Friday, January 12, 2007

 

Children of Men

For no reason at all, I imagined this film to resemble Michael Haneke's Time of the Wolf: subtle, disturbing, irresolved and quietly intense. It was instead more of a big-budget action movie whose art director consulted the dystopian literary canon for wisps of indie credibility. That probably sounds very disparaging, but this film was closer to that hot mess, V for Vendettathan I'd hoped.

All the same, a lot of the detail was striking. Beginning with the premise, two decades of infertility coinciding with and contributing to nuclear war, the permanent suspension of civil liberties (oh no), etc, is novel. I liked the lack of an explanation, although that did not imply a lack of exposition: characters swap sob-stories about when they first realized the world was going to hell, and the yellowed headlines papering a terrorist cell's hideout, while a nice visual, were too melancholic and backward-looking to be altogether believable. In other words, this movie succumbed to the near-universal affliction among dystopias, which is for characters rehash conversations and events that would have become, by the time of the movie according to the narrative's own chronology, ancient history. (New Yorkers just don't talk about Sept. 11 all the time). But that's just Hollywood's heavy hand, broadening the appeal.

Back to the good things. The symbol of the crown, so anachronistic and fainly embarrassing to many Brits, gets a steely update and serves as the focal point for the UK's self-hagiographic survival skills. Surveillance cameras along back-country roads are hot shit (as it were). The Ark of the Arts--I don't know; kind of ridiculous (although the truly inexplicable inclusion of an injured, possibly psychologically scarred boy playing a video game with wires under his fingernails is awesome). My favorite image was the sight (through a car window!) of a marching band and exotic animals on some sort of royal parade ground--it's crypto-imperialist, grotesque and somehow fascist, but without the obviousness of, say, "Big Brother is Watching You." Rampant toxic waste doesn't really make sense, but it was gross--as were fields of dead animals and people, burning--the spiritual pollution of the beloved English countryside.

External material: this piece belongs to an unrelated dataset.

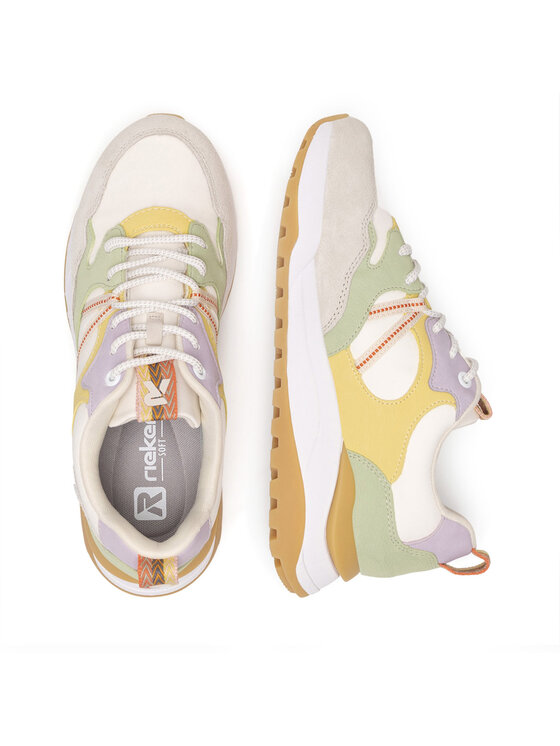 Rieker Revolution Lifestyle Rieker Revolution Lifestyle Laisvalaikio batai W2501-81 Smėlio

Mass deportations of illegal immigrants don't really hold up, either (Europe's low birth rates already force it to permit hundreds of thousands of foreign workers each year), but that's missing the point. The point--emphasized by radio deejay chatter, character backstories and lots of other details--is that the industrialized west may have already hit a point where a precipitating crisis (be it total infertility or anything else) will necessarily trigger a cascading series of actions and reactions leading only to a brutal and aesthetically hideous police state that dominates the media by fear and executes patently absurd policies. What stupider way to combat depopulation than by launching into xenophobic overdrive?

Along with V for Vendetta and 28 Days Later, there's a common theme of British anxiety in the age of terrorism or even just globalization. Always an island of relative stability, never been invaded in almost a thousand years, usually on the winning side of wars, a ghost of its former imperial self, a relatively tiny place that nonetheless gave birth to the world's lingua franca--still there's a streak of paranoia, over infection by disease (see Mary Shelley's The Last Man, or the laws quarantining all pets for six months before entry, to keep the UK free of rabies) or being entrapped by a futuristic fascism enforced by the isolation of being borderless and off to one side of Europe. A totalitarian government that can seal everyone in and manipulate the media to portray the rest of the world as having fallen into chaos is a fear peculiarly strong in Britain, judging by three recent post-apocalyptic films.